Is Alastair Cook England’s finest batsman ever asks the BBC, after the skipper becomes the youngest player to reach 10,000 test runs? The evidence suggests that he probably is. The sad thing is that hardly anyone knows who he is.

I know who Cook is because I have a passing interest in cricket. No longer a serious interest in cricket, but a level of interest that means I have some idea who England are playing. But even though I pay dirty money to receive Rupert Murdoch’s near monopoly of live TV sport, watching it is something I do less and less.

The great man (Cook) completed his great achievement today, in front of a few thousand fans in Durham and maybe a few hundred thousand on Sky. That is the reality. Only test matches against Australia attract anything like significant TV audiences and even then barely a million tune in at peak times, fewer still away from peak times. This is why Cook is not a sporting superstar.

A sporting superstar is one who transcends his or her sport. Freddie Flintoff managed that, so did Shane Warne. Not only were they great cricketers, they had big personalities. For all I know, Cook too has a great big personality but outside the cricket fraternity he is not a star.

Of course, this is all down to cricket being off mainstream telly.
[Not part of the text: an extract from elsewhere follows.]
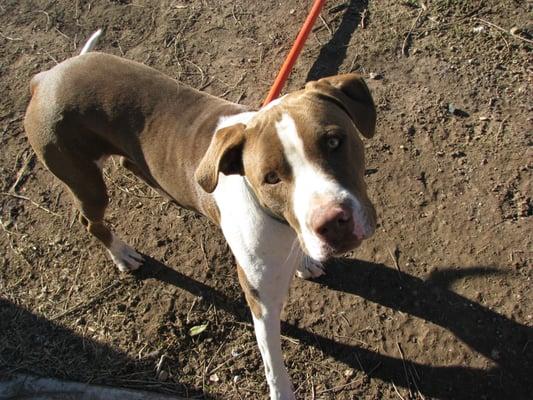 Little Monsters Pet Sitting and More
It really is a case of out of sight, out of mind and if the only cricket available is behind Rupert Murdoch’s paywall, the logical extension is that less people watch it and less people care about it.

I came from a generation that came home from school and watched BBC’s test match coverage. Today’s kids don’t do that. That’s not really down to Rupert Murdoch, or not all of it, because kids have more to do and more to see these days. There were, back in the 1970s, no mobile phones or computers.

With interest in the summer game dwindling in terms of participation, the cricketing authorities did the obvious thing: they flogged off all broadcasting rights to a pay TV company, Sky, guaranteeing at a stroke huge sums of money combined with drastically reduced viewing figures. Result? Even lower participation levels and TV viewing figures actually falling. That all worked well, then.

Cook, like Joe Root and all the other England players of today, could walk into my local and no one, except many of the village cricket team (but by no means all) would have the first idea who they were. And therein lies a very sad tale.

What Cook has done is truly exceptional but hardly anyone knows nor cares. State schools no longer play the game, smaller clubs are folding in record numbers, less people are participating and slowly but surely a decline has set in. In its middle class heartlands, in the clubs and in the test match stands, the illusion that the game is alive and well is perpetuated by the hundreds of millions of pounds the England Cricket Board trousers from Rupert Murdoch, but to the vast majority of ordinary folk the game hardly matters.

There are plenty of reasons why cricket is in a spot of bother and the sell out to Murdoch is one of the important ones. That it is no longer at the centre of the English psyche is very sad and, I fear, irreversible.